Destruktive Selbstkritik adieu - Wie werde ich weniger selbstkritisch?

Selbstmitgefühl ist für die meisten von uns erstmal ein komisches Wort. Was ist das? Was könnte es bringen? Kann das gut sein? Wie könnte es aussehen? Um diesen Fragen auf den Grund zu gehen, möchte ich dich auf ein Gedankenexperiment einladen.

Denke zurück an eine Situation, in der eine liebe Freundin oder ein lieber Freund von dir belastet war. – Vielleicht durch einen Konflikt in der Arbeit oder in der Partnerschaft, oder durch Geldsorgen, oder eine andere Angelegenheit.

Und dann überlege, wie du dieser Person beigestanden bist.

Was hast du gesagt? Mit welcher Stimme hast du gesprochen? Hast du die Person berührt und wenn ja wie? Hast du etwas für die Person getan oder ihr etwas angeboten?

Und jetzt denke zurück an eine Situation, in der du selbst belastet warst. Versuche eine Schwierigkeit durch eine alltägliche Sache wie z.B. ein Problem im Haushalt oder wiederkehrende Konflikte in deiner Partnerschaft oder mit deinen Kindern zu finden.
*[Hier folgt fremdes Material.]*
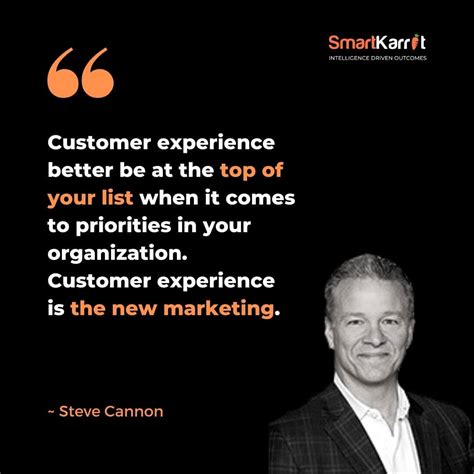 20 Best Customer Experience Quotes - SmartKarrot Blog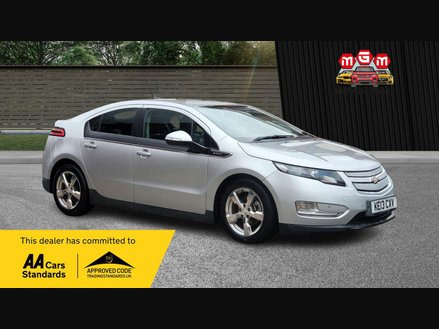 Chevrolet Volt E-REV1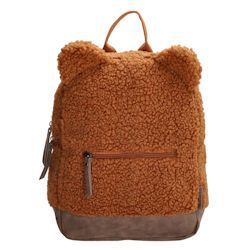 Teddy rugtas met naam geborduurd koterkado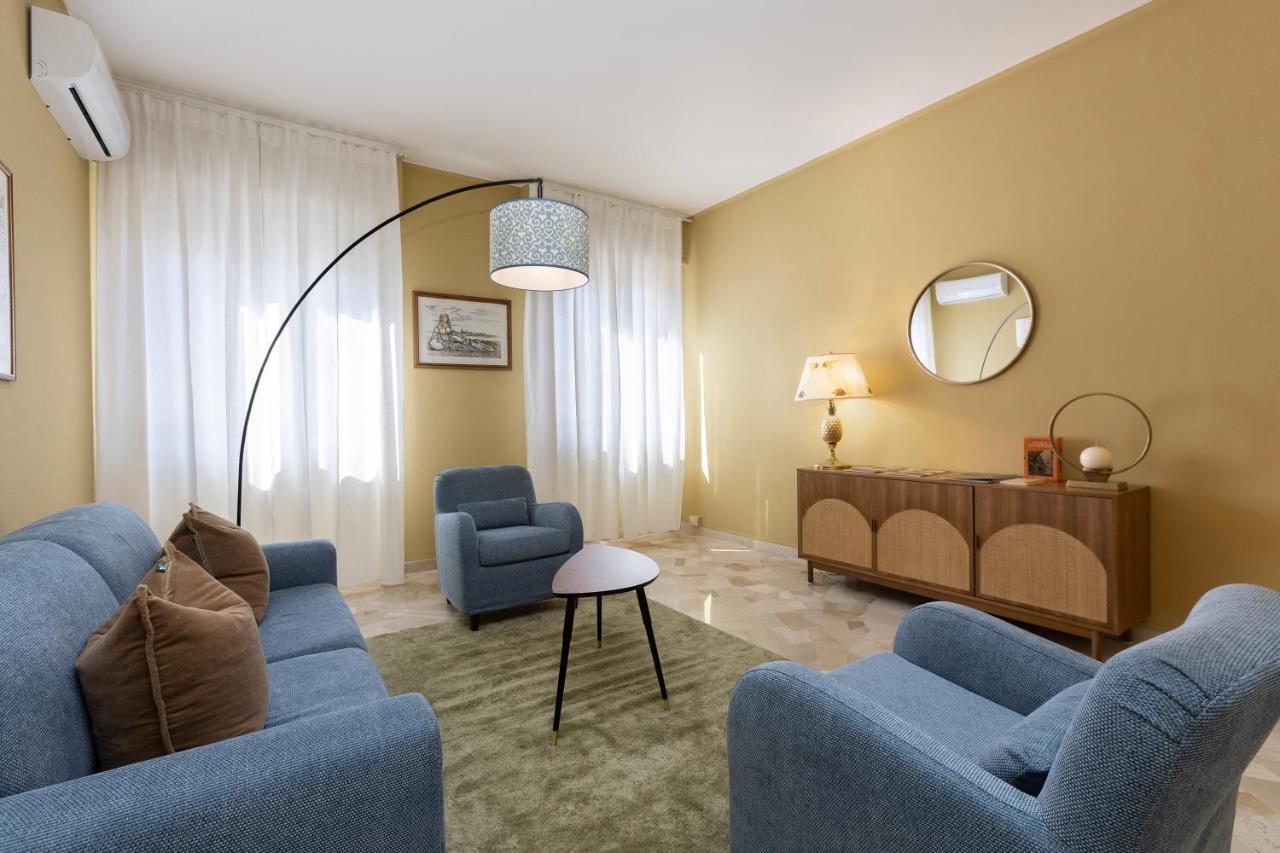 Lilly Apartment Флоренция Экстерьер фото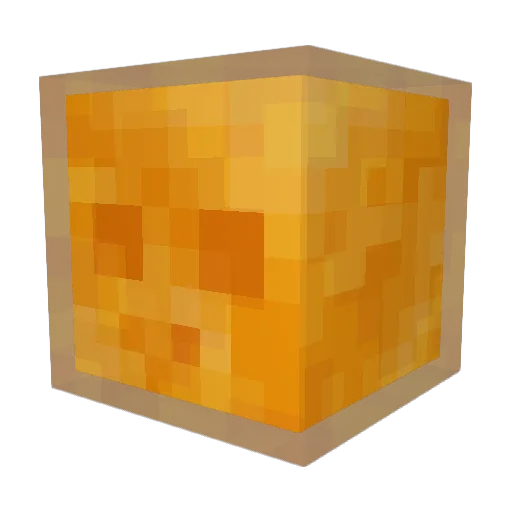 ZaFryGuy Minecraft avatar head, 3D render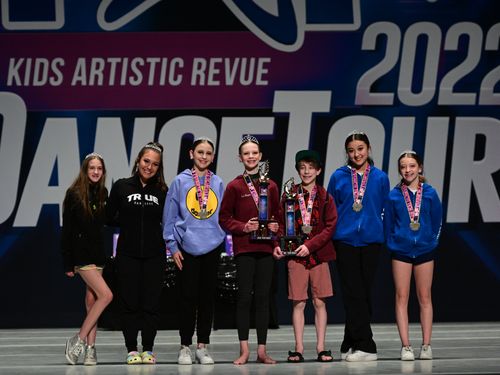 Denver, CO - 4/1/2022 - Awards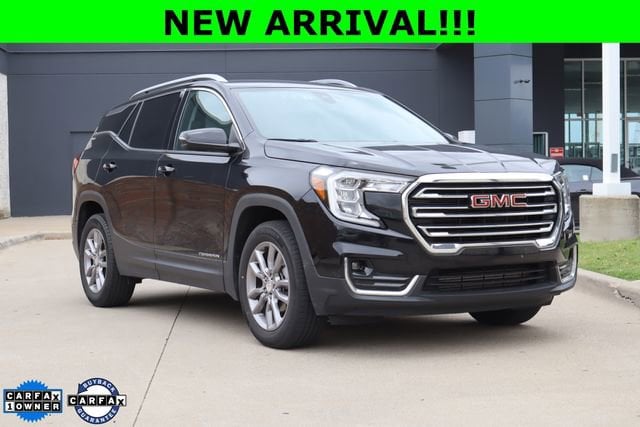 2024 GMC Terrain SLT FWD's photo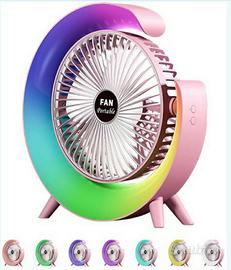 Ventilatore da tavolo 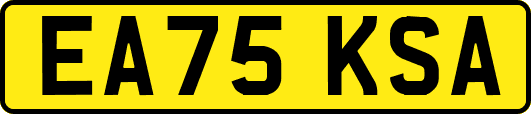 EA75KSA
Und dann überlege, was du selbst in einem solchen schwierigen Moment zu dir sagst? Wie sieht dein innerer Monolog aus? Welche Worte und Sätze sind typisch?

Kritisierst du dich ständig?

Wenn du bemerkst, dass du zu anderen Menschen freundlich bist aber dir selbst gegenüber kritisch und fordernd begegnest, geht es dir wie den allermeisten Menschen.

Denn schon von Kind auf werden wir dazu erzogen, uns selbstkritisch zu betrachten, viel von uns zu verlangen, “durchzubeißen”, keine Schwäche zu zeigen, zu funktionieren und schnell und viel zu leisten.

Unser innerer Monolog, also die Art, wie wir mit uns selbst reden, ist davon geprägt.

Ist Selbstkritik gut oder schlecht?

Selbstkritik ist nicht grundsätzlich gut oder schlecht. Konstruktiv angewendet, hilft sie, uns selbst zu reflektieren und unser Handeln zu hinterfragen.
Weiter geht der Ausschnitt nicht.